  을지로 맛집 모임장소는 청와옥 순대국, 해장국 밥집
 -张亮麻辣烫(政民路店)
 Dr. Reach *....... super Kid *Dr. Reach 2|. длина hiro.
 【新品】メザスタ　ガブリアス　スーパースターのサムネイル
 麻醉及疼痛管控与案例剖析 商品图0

____________

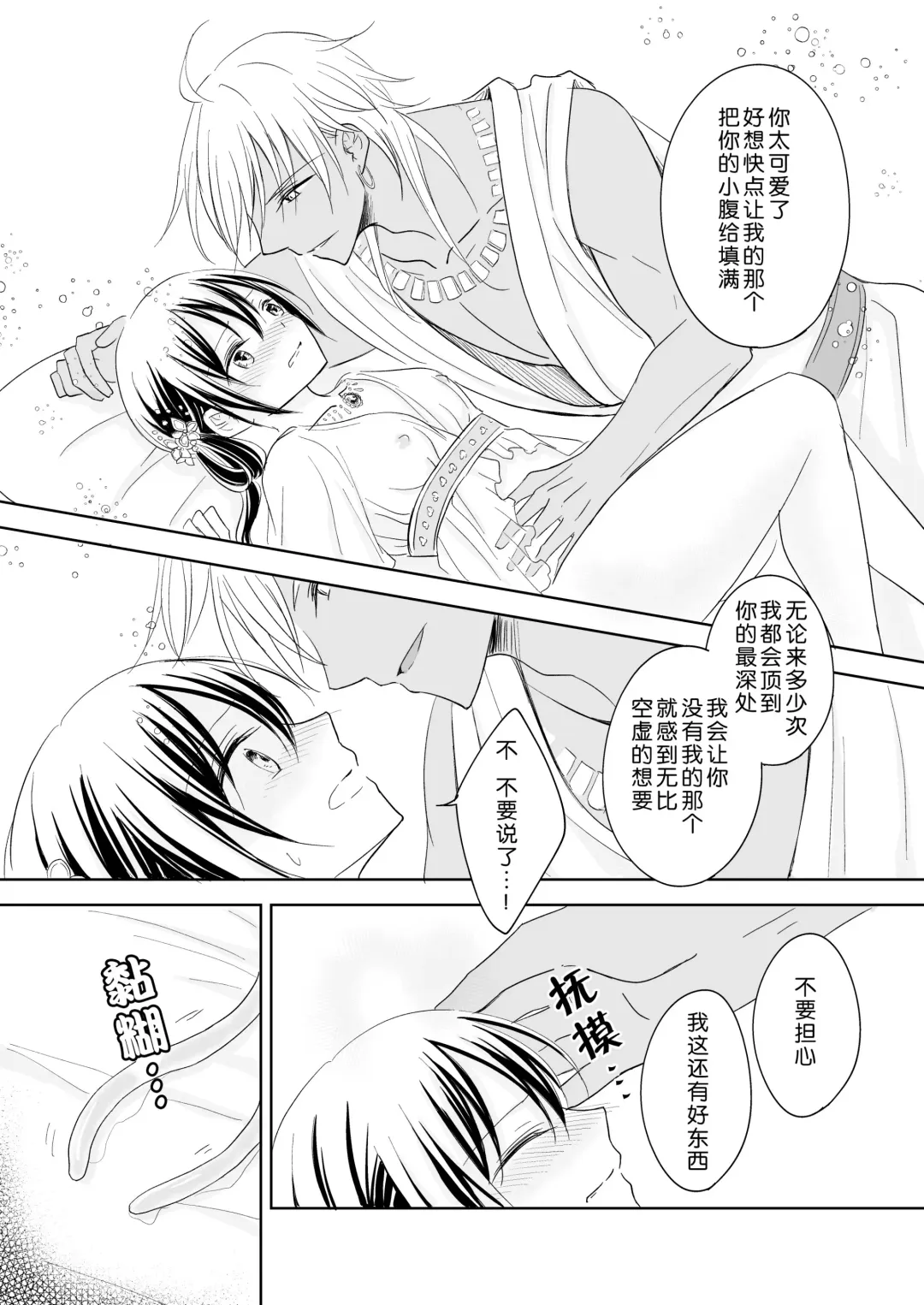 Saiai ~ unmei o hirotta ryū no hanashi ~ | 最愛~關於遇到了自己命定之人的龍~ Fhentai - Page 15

____________

- _What needs to be done_:
Could you restate word for word the lines above from the one containing "을지로 맛집 모임장소는 청와옥 순대국, 해장국 밥집" through the one containing "麻醉及疼痛管控与案例剖析 商品图0", both included, and nothing else?

- _Exercise solution_:
  을지로 맛집 모임장소는 청와옥 순대국, 해장국 밥집
 -张亮麻辣烫(政民路店)
 Dr. Reach *....... super Kid *Dr. Reach 2|. длина hiro.
 【新品】メザスタ　ガブリアス　スーパースターのサムネイル
 麻醉及疼痛管控与案例剖析 商品图0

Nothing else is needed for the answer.